Elections 2022: No breakdown or big breakthrough in uncomfortable night for big parties - BBC

Laura KuenssbergPolitical editor@bbclaurakon Twitter

Boris Johnson

Image source, Reuters

The local elections don't hold up a perfect mirror to the whole country's desires, or exactly what would happen if a general election had just happened.

But they are a valuable measure of the state of the battle of the two main parties who seek to govern us all. Caveats aside, the events of the last 24 hours do matter.

Spin back a few weeks, and some Conservatives feared these elections would end in absolute calamity after months of extraordinary revelations about what had been going on in Downing Street during lockdown.

The party feared an angry public would punish them at the ballot box. And rising anxiety about making ends meet would translate too into a kicking for the government.

After all the turmoil, the prime minister's allies fretted. And some of Boris Johnson's detractors darkly hoped a meltdown would give them reason to act to oust him.

Now that nearly everything has been counted, the Tories have lost nearly 500 seats across the UK. That represents around a quarter of the council seats they contested.

The prime minister acted out his usual jollity at a photo op in a primary school in his constituency on Friday morning. Yet the reality is a deeply uncomfortable set of results that has got steadily worse throughout the day. It represents a rejection of the Conservatives in many parts of the country they see as home.

As one cabinet minister had predicted, "we will do badly but it won't be Armageddon. Labour will do well but won't blow our socks off".

The losses are though without question at the worse end of pundits' expectations. It will make Tory MPs in southern seats and London nervous.

In Scotland and Wales, Conservatives are in retreat. Yet right now it doesn't seem like the kind of wipe-out that will explode Number 10. And after 12 years in government, losses like this in a mid term are not without precedent.

In election studios we heard local council leaders draw lines between their losses and Mr Johnson's performance, but there's no troop of Tory rebels visibly on the verge of trying to take him out.

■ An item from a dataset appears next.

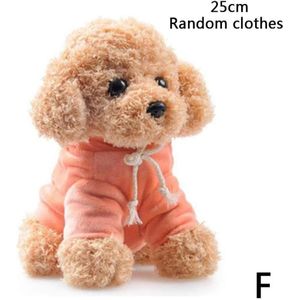 Realistische Teddy Hond Lucky Puppy Leuke Soft Cotton Toy Kinderen Christma Simulatie Hond Poedel Pluchen Speelgoed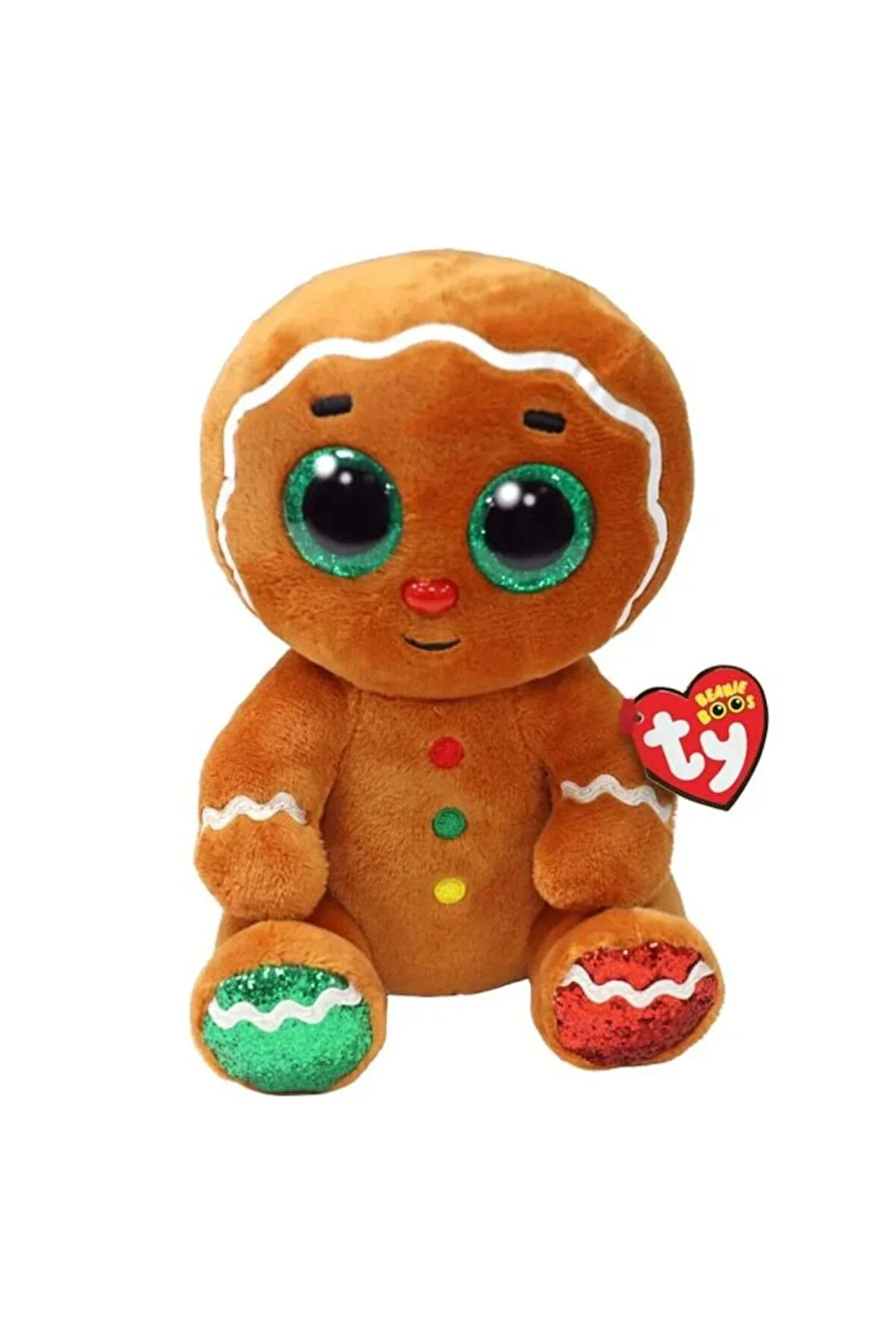 Kız Erkek Çocuk Oyuncak Ty Beanie Boos Peluş Kurabiye Adam Crumble 15cm Kız Erkek Çocuk Oyuncak Eğit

Labour's move forward was notable. Impressive and symbolic wins in London. Seats from Cumbria to Southampton, second place in Scotland, where SNP had another impressive performance with their incredible years of dominance.

Yet on these results Labour is not progressing far or fast enough for them to be sure they're on track for Number 10. Where the Tories were losing, they were often losing to the Liberal Democrats, who had a great outing, but are not their main rival.

Labour leader Keir Starmer

Image source, Getty Images Image caption,

Labour leader Keir Starmer went to Barnet to congratulate winning councillors from his party

There's an electoral metaphor you hear privately so often from Labour MPs. Labour leader Sir Keir Starmer and his team have stopped the rot, and improved the party's fortunes after such a low ebb under its former leader Jeremy Corbyn.

But again and again, they whisper they're not quite sure if they have the force and passion to make the huge strides that could secure Number 10.

Familiar too though is a plea from Labour frontbenchers to understand just how bad things were, in their views, when they took over. One shadow cabinet minister said it was as if the party had "long Corbyn", an unfortunate metaphor for the long-term effects of his leadership.

It's almost as if the two main political tribes are locked together in a mutually uncomfortable status quo.

The Conservatives are suffering, but the situation is not dreadful enough to provoke backbenchers to act, or Number 10 to take radical steps to change or to meet their critics' demands.

Labour is showing progress, but less than they'd like. Yet quite separately to the results, "events" suddenly changed the balance of the last 24 hours, just as Sir Keir was on tour celebrating the gains that he had made.

The irony is that, during the approach to these elections, it was Mr Johnson's future in question. Labour was regularly calling for him to quit because of revelations about parties in Number 10.

Suddenly, after weeks of claims and rising political pressure from Conservatives and some of the press, Durham Police announced after all, that they would look at the beer and curry the Labour leader was said to have had with aides.

He's always said he did nothing wrong. He's said tonight that he's confident no rules were broken. Yet with the police investigation into Sir Keir's lockdown behaviour now taking place, the jeopardy of Downing Street's party saga that he prospered from applies in part to him too.